Adrienne Jansen is a New Zealand creative writing teacher, editor and a writer of fiction, non-fiction and poetry.
14 Facts About Adrienne Jansen
Adrienne Jansen has worked closely with immigrants, and her writing often relates to the migrant experience.
Adrienne Jansen worked as a writer at the Museum of New Zealand Te Papa Tongarewa for 11 years.
Adrienne Jansen was heavily involved in refugee resettlement and teaching ESOL.
Adrienne Jansen has frequently worked alongside migrants to help them tell their stories.

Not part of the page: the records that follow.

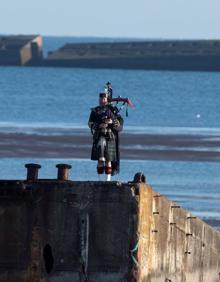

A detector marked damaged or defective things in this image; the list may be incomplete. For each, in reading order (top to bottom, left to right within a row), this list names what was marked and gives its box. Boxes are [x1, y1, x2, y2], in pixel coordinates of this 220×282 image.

rusted metal fixture [24, 163, 41, 181]
rusted metal fixture [55, 163, 72, 181]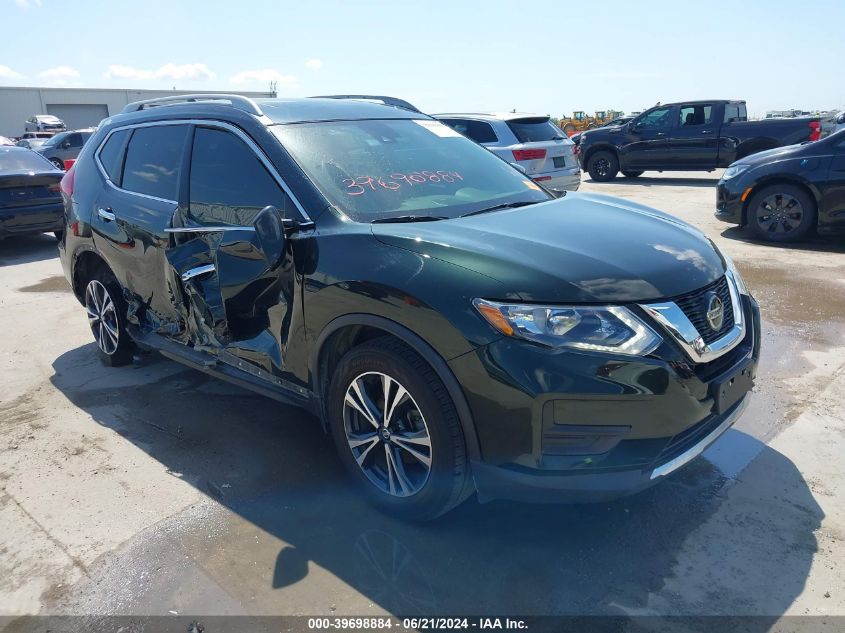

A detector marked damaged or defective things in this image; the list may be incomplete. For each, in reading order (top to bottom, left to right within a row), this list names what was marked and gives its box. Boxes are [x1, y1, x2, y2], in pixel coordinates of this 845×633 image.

damaged front door [164, 126, 300, 378]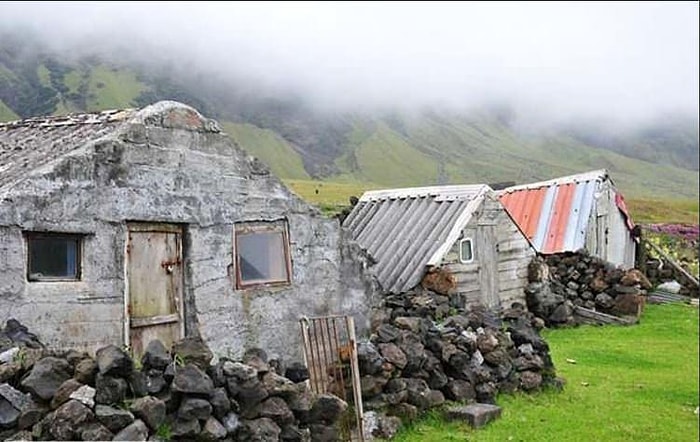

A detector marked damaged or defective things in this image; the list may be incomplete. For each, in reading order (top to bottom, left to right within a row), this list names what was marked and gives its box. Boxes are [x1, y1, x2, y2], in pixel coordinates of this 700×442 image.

rusty metal gate frame [300, 316, 366, 440]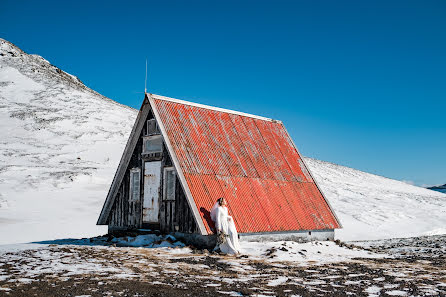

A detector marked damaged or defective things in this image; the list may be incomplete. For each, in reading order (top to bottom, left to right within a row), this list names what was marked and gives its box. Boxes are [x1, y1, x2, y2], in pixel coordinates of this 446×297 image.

rusty roof panel [152, 96, 340, 232]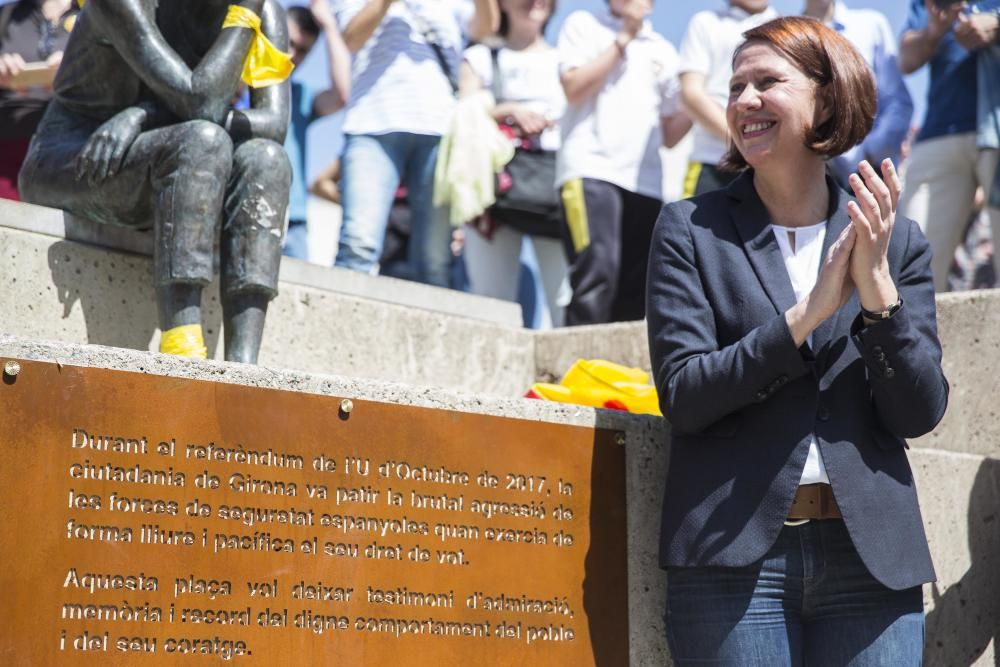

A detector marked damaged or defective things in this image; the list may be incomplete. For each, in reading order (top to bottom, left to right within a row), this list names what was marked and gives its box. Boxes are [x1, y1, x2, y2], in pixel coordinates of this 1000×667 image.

rusted metal plaque [0, 362, 624, 664]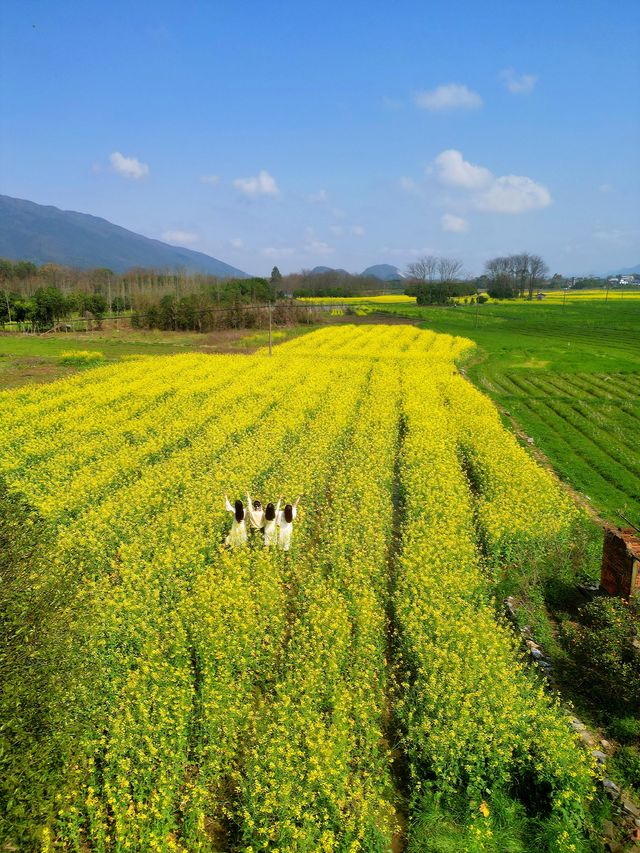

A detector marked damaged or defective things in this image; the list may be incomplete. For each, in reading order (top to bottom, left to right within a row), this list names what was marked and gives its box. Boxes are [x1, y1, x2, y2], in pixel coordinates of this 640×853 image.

broken brick ruin [600, 524, 640, 600]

Adrienne Jansen's published work includes fiction and non-fiction for adults and children, collections of poetry, short stories broadcast on radio and poems and stories in anthologies such as 4th Floor and Best New Zealand Poems.
Adrienne Jansen's stories have been highly commended in the Commonwealth Short Story Competition and shortlisted for the BNZ Literary Awards.
Adrienne Jansen worked with Guy Jansen in the last years of his life on his book Sing New Zealand: the story of choral music in Aotearoa.
In 1990, Jansen was a Winston Churchill Fellow, travelling to Canada and the United Kingdom to look at access to education for disadvantaged groups in those countries.
Adrienne Jansen founded the Creative Writing Programme at Whitireia Polytechnic in 1993.
Adrienne Jansen was coordinator of the programme until 1999 and taught fiction and editing as well as writing several online courses until most of the programme was disestablished in 2019.
Adrienne Jansen was co-founder of Whitireia Creative Writing Programme's Escalator Press in 2013 and her novel The Score was the first book to be published by this new imprint.
Adrienne Jansen has appeared at numerous author talks and writing festivals.
Adrienne Jansen has run creative writing workshops for Maori writers, Pasifika writers and in Vanuatu and Indonesia.